Walk into a jeweler these days and chances are you will be offered a lab-diamond option. It is an enticing one: Lab-grown diamonds have essentially the same chemical, optical and physical properties as mined diamonds, according to the Gemological Institute of America. Yet they can be bought at a fraction of the cost. 

On Blue Nile, an online jewelry retailer owned by Signet Jewelers, a 1-carat colorless round lab diamond goes for $1,534, which is about 73% cheaper than the lowest-priced natural diamond with the same specifications on its website. That pricing gap has widened over time. In early 2016, 1-carat round lab diamonds sold at a 17% discount to a natural diamond of similar specifications, according to data from Paul Zimnisky, a diamond industry analyst. 

Pricing is just part of it. Lab-diamond jewelry also has a strong pull for consumers who care about sustainability and ethical sourcing. In December, lab diamonds accounted for 15.7% of all engagement rings sold in the U.S., up from 7.9% a year earlier, according to Tenoris, a jewelry-industry analytics company. 

Unlike the natural-diamond industry, where a cartel controlled the supply of stones for the better part of the past century, lab-grown diamond production is subject to cutthroat competition. It costs just about half a million dollars—sometimes even less—to buy reactors or chambers for chemical vapor deposition (CVD), according to Mike Grunza, chief executive at WD Lab Grown Diamonds, a portfolio company of Huron Capital Partners.
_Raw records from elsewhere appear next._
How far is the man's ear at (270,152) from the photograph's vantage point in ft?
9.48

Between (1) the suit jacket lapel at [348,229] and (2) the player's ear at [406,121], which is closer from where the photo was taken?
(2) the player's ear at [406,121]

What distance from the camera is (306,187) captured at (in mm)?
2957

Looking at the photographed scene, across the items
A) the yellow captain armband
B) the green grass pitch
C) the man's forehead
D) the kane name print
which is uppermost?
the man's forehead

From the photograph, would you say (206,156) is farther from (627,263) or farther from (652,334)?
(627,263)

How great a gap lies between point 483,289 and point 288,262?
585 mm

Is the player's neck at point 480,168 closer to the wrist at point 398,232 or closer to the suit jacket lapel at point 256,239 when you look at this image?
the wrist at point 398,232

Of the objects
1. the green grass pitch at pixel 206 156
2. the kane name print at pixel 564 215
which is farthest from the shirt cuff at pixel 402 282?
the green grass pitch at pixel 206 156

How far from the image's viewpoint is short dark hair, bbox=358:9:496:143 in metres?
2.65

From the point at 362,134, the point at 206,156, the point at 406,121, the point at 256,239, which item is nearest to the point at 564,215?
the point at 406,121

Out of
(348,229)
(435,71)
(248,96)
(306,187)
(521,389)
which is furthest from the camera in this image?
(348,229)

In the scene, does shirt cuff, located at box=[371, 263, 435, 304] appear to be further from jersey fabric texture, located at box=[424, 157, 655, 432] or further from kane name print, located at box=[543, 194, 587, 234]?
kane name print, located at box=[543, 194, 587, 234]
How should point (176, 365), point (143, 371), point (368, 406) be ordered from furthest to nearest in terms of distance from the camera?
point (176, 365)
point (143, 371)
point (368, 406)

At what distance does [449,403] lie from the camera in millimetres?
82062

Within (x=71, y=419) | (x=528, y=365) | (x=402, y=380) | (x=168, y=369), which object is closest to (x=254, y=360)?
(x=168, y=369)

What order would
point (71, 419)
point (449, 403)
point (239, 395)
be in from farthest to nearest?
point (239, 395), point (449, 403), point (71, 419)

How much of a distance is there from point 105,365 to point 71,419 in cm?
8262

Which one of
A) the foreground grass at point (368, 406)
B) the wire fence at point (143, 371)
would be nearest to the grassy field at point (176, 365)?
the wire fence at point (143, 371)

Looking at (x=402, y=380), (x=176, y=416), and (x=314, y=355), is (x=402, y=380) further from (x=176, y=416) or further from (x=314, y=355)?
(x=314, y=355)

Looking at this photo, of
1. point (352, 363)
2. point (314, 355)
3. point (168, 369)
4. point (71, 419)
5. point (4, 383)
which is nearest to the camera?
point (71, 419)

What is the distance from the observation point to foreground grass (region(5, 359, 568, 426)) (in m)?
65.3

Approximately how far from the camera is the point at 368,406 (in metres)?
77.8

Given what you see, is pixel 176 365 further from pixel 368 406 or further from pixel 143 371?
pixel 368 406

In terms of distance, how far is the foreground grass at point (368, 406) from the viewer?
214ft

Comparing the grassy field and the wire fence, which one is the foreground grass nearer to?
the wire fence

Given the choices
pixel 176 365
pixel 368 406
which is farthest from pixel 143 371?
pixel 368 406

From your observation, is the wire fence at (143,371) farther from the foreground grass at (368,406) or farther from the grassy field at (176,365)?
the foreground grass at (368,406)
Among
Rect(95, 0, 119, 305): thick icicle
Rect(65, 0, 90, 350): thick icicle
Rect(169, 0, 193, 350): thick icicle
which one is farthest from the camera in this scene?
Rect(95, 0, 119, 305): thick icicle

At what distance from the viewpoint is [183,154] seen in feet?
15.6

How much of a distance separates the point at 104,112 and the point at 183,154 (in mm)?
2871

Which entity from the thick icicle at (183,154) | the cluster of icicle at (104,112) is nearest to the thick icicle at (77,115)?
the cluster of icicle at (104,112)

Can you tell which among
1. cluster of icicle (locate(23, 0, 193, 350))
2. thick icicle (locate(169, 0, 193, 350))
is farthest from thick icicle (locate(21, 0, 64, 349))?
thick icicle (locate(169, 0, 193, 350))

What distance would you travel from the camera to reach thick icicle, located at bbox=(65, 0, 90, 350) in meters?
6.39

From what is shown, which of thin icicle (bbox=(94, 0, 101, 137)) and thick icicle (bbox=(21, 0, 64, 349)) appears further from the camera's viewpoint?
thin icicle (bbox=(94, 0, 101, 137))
CVD is a less energy-intensive method of creating lab diamonds and involves pumping carbon-containing gas (such as methane) into a sealed, superheated chamber housing a small piece of diamond. The process prompts carbon atoms to form a structure around the seed diamond. The energy-intensive method replicates conditions deep within the earth by subjecting carbon to extreme pressure and temperature. Mr. Grunza says lab-grown diamond-production capacity has almost tripled since 2018. Such facilities are proliferating in India and China, fueled in part by government subsidies. Even diamond-mining giant De Beers Group makes lab diamonds through a subsidiary called Element Six.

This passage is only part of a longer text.